# Skarsten scraper blades



## Bod (1 Dec 2013)

Does anybody have any up to date information as to where I could get new Skarsten No. 62 blades please?

Thanks
Bod


----------



## caroleb (1 Dec 2013)

Bod
I have some of these Skarsten scrapers, and have been collecting them for some time. During this period I have kept a fairly close eye out for spare blades, and although I have managed to find a couple of new packs I have to say they are as rare as rocking horse's. However I think, some time ago, I heard someone mention a possible alternative; just can't remember who or what it was. Now that may seem totally useless, and its not far off, but what I can tell you for sure is that the alternative was well priced and was NOT the Skarsten brand.
FWIW I have also managed to resharpen some of my blades. I certainly would not throw any away unless they were very bad, mostly because of how darned hard they were to come by in the first instance.
I quite like these tools for some jobs; I know a well sharpened cabinet scraper will out perform them, but they still have a place in my arsenal of tools!
Good luck in your search. The blades are called hooked scraper blades, I think.

Caz


----------



## Bod (1 Dec 2013)

Caz
This is what I am finding, I think it was Faithfull tools who took over the supply of blades. But I cannot see any in their web-site.
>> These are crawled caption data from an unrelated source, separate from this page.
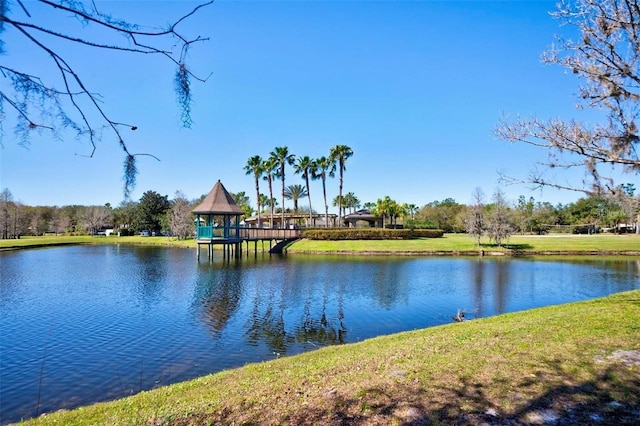 property view of water with a gazebo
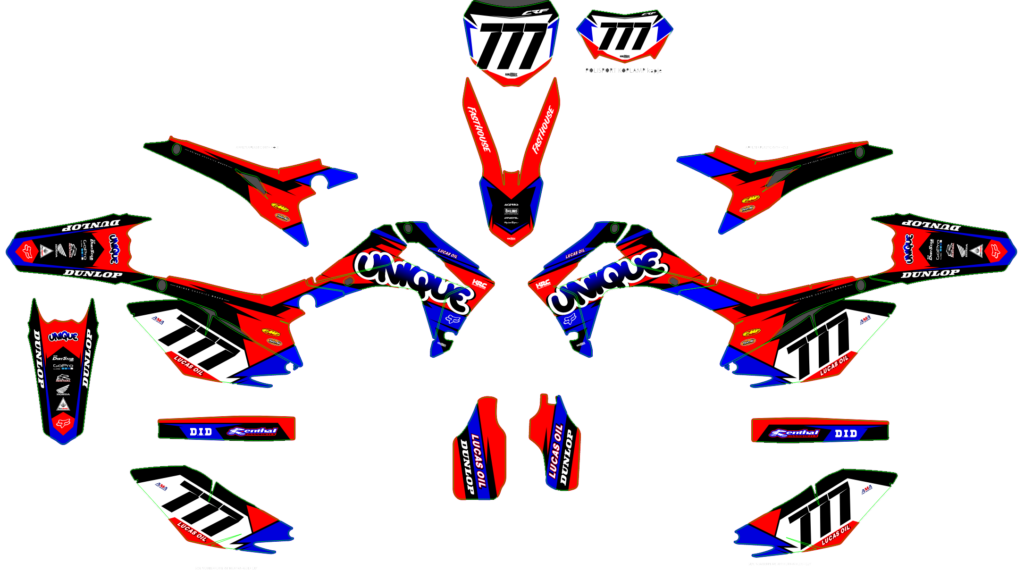 Honda custom motocross graphics design HONDA25-6-1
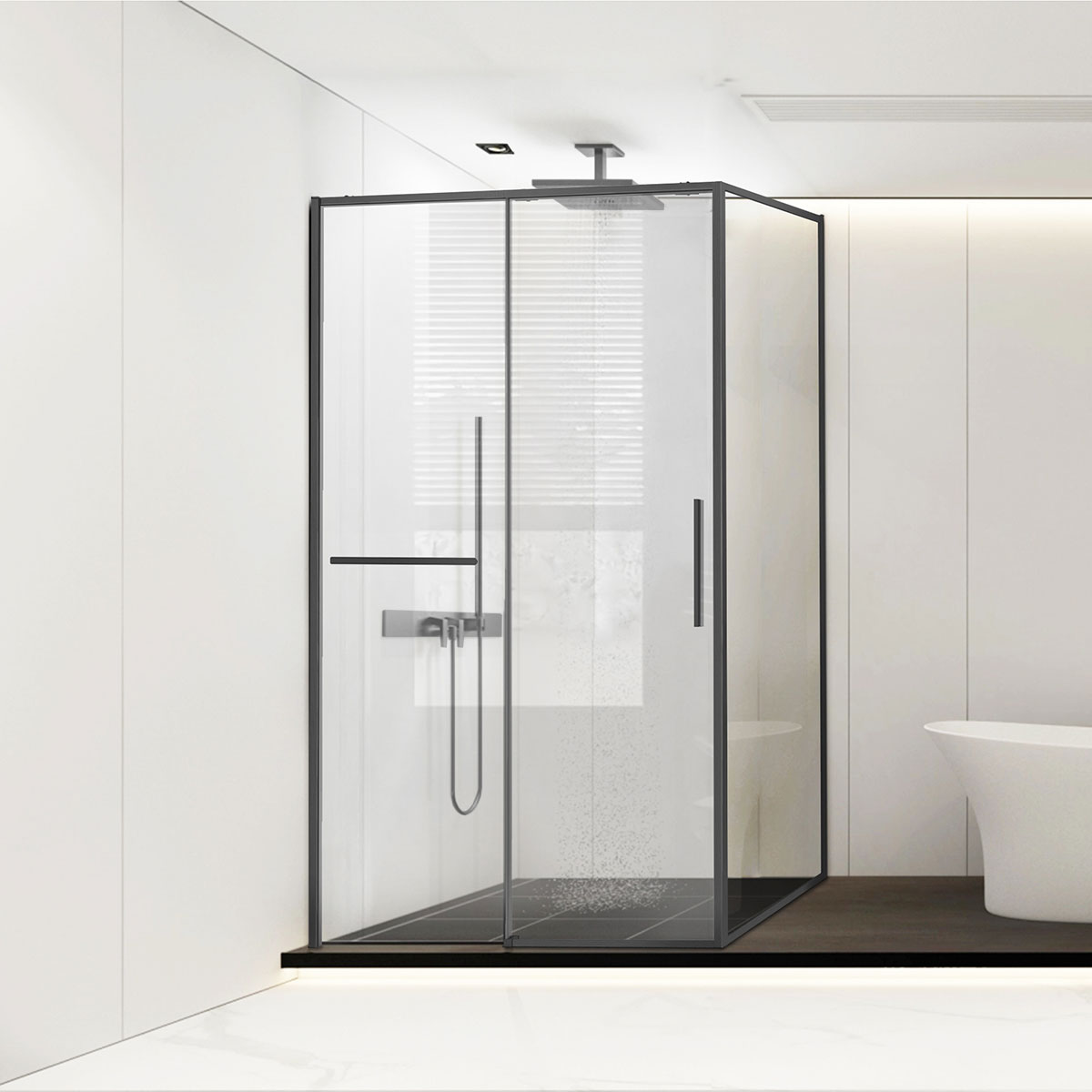 

Душевой уголок Vincea Slim Soft VSR-1SS9011CLGM 110х90 профиль вороненый, стекло прозрачное, VSR-1SS9011CLGM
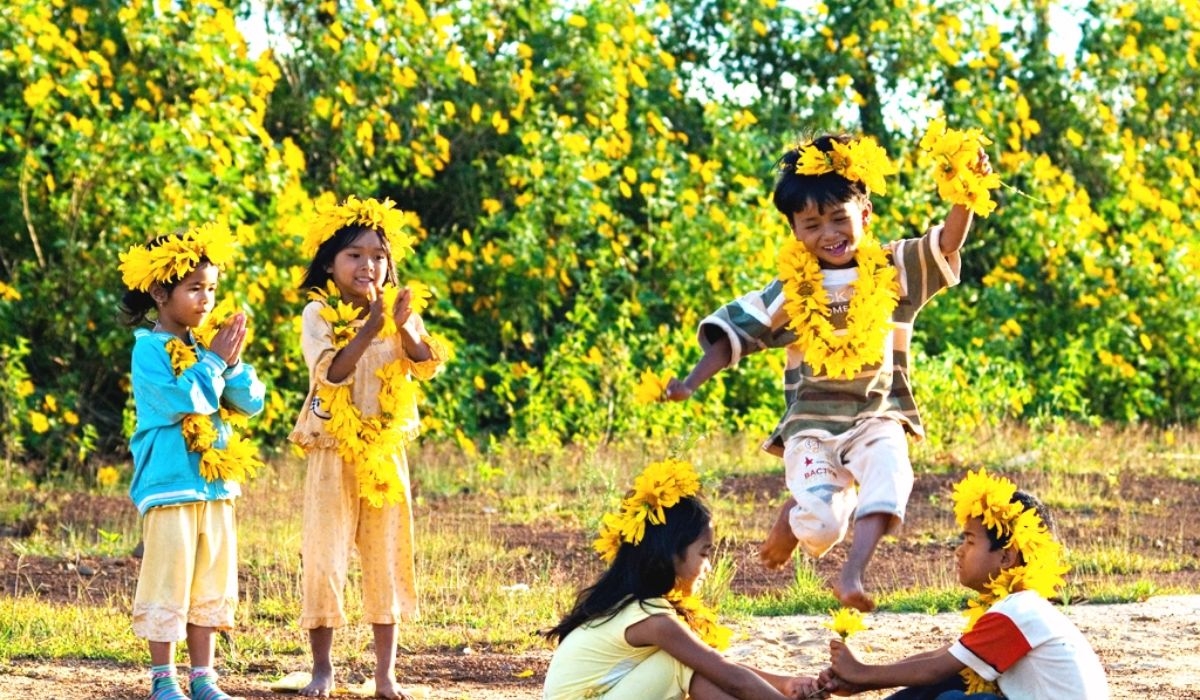 Trẻ em trong làng nô đùa cùng những bông hoa dã quỳ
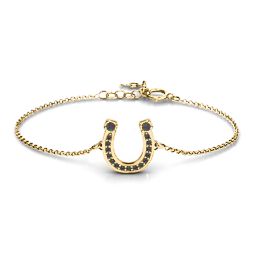 Horseshoe Bracelet with Two Stones and Accents in 18K Gold Plated Silver with Alexandrite and Black Premium Zirconia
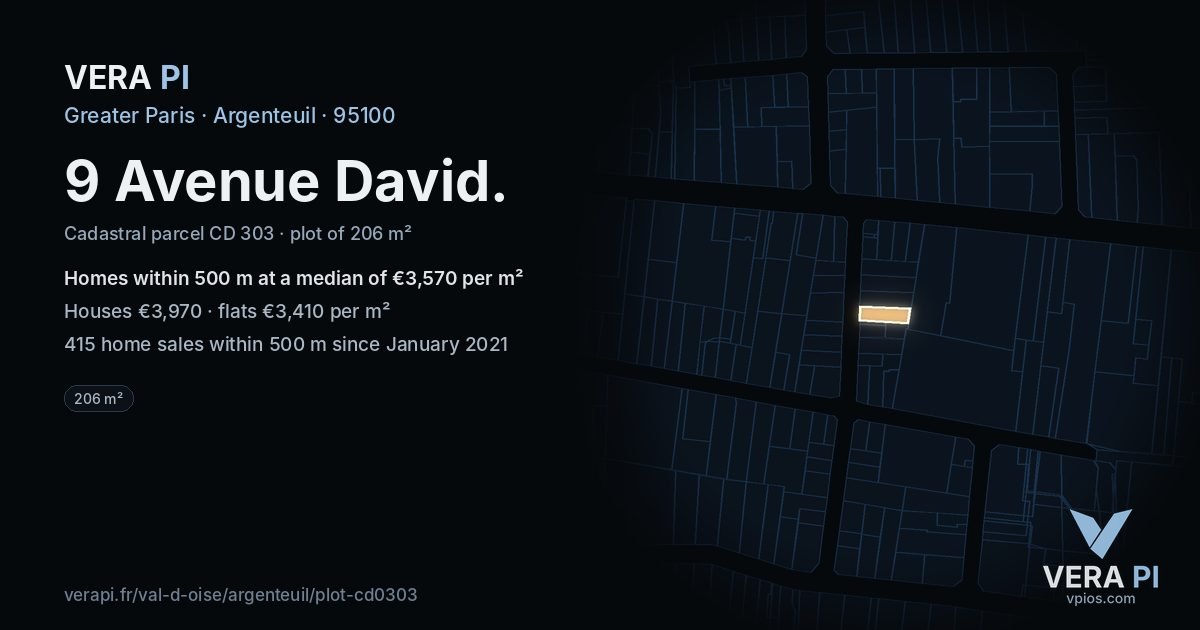 9 Avenue David, Argenteuil at night – the plot lit, the parcels around coloured by the prices near them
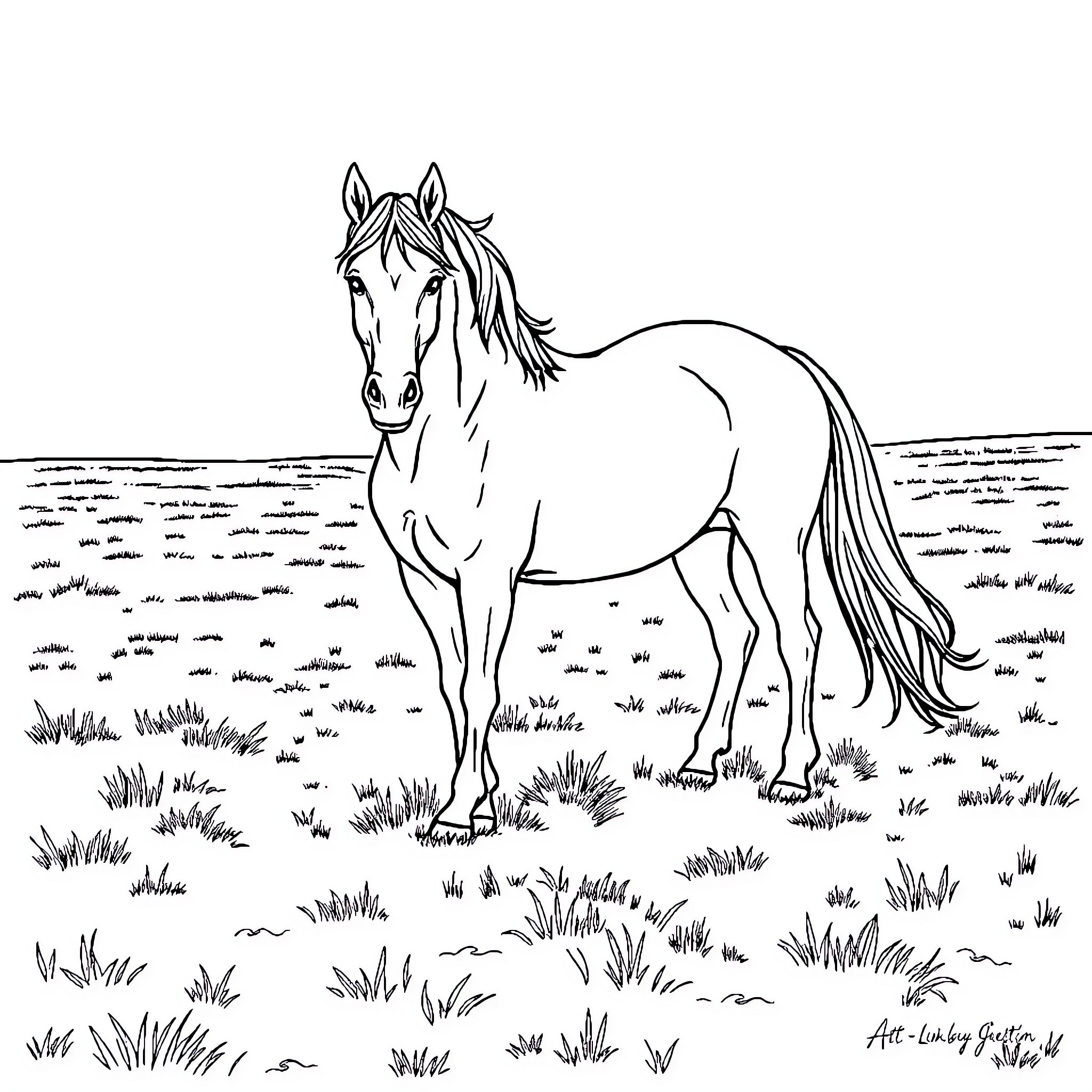Horse standing in a grassy field Coloring Page (free black-and-white line drawing printable PDF for all, from beginners to advanced learners, including children, teens, adults, and seniors)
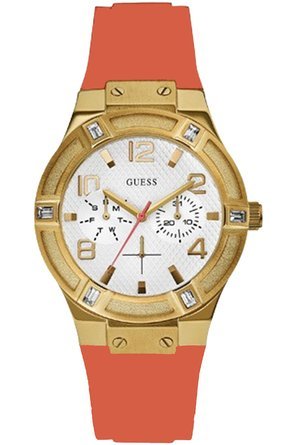�Q�X GUESS W0564L2 Women's Jet Setter Multi-Function Silicone/Rubber Strap ���� ���f�B�[�X �r���v �y���s�A���i�z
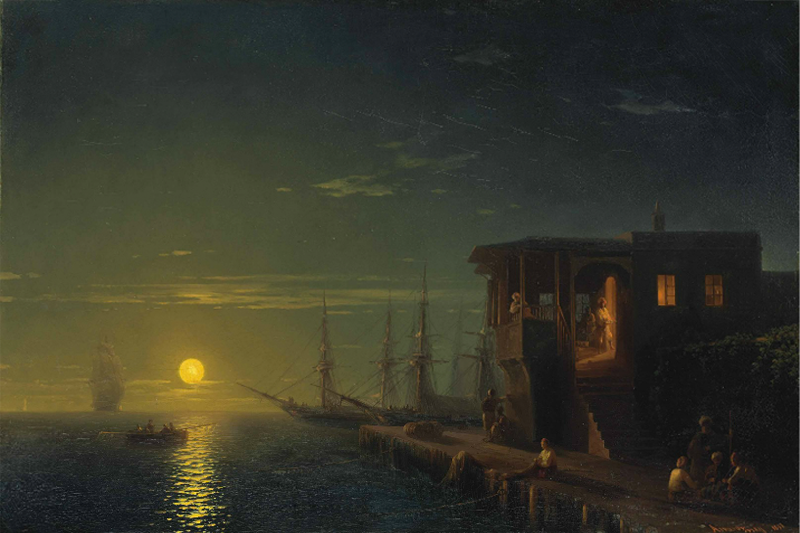 Иван Айвазовский. «Османская кофейня в лунном свете», 1857 г.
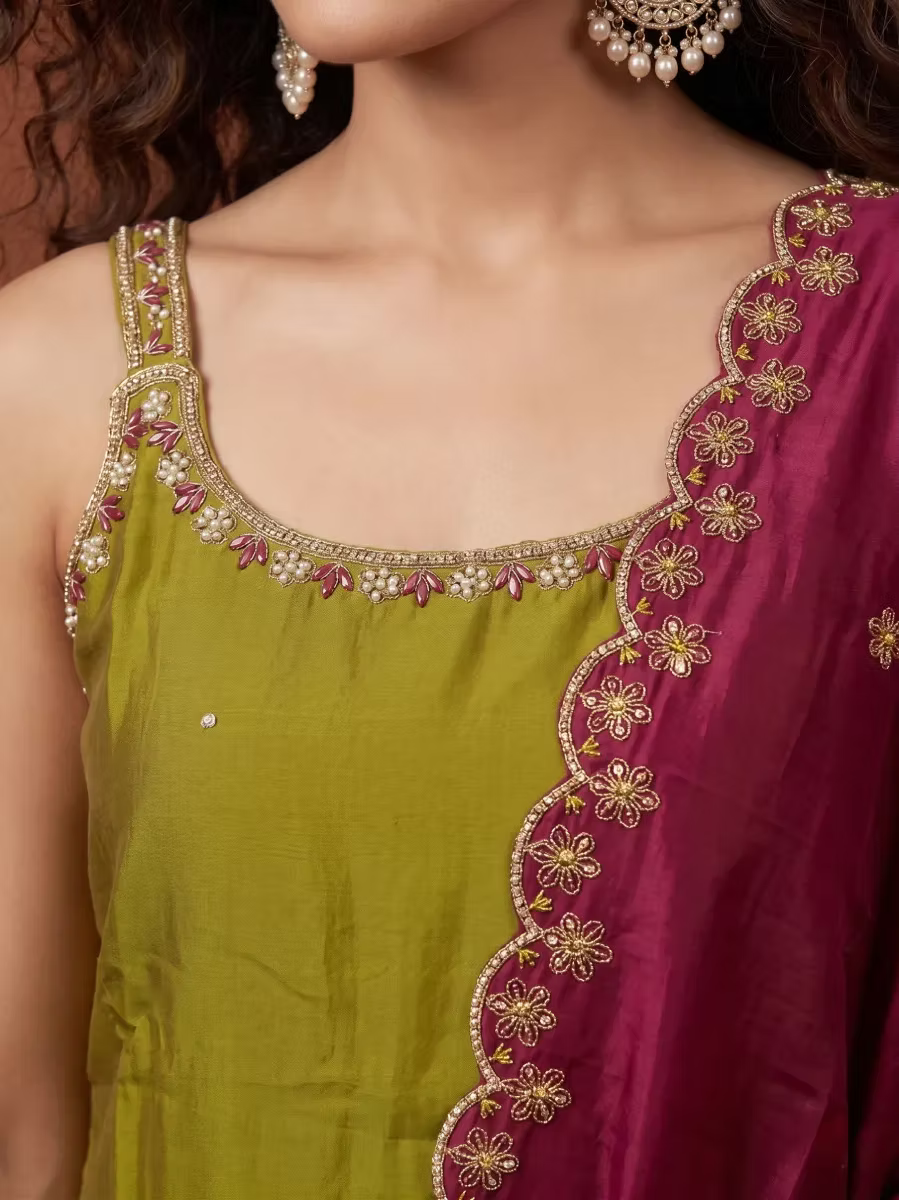 Olive Green Solid Kurta Set with Embroidered Neck & Magenta Dupatta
How did you sharpen your blades?
Just getting a square edge will do for old paint/varnish removal!

Bod


----------



## David C (1 Dec 2013)

Convexity or concavity ?

I know which one I would prefer.

Sorry. Losing the plot. Wrong thread.........................................

David


----------



## caroleb (1 Dec 2013)

Bod
Sorry I couldn't be more help, but yeah, it may have been Faithfull who took over.

As far as sharpening is concerned I left the blades in the handle (of course) and gently worked them over, free hand, some wet and dry on some float glass. which dealt with the outside edge. The inside is more difficult, I used some wet and dry and a lot of time.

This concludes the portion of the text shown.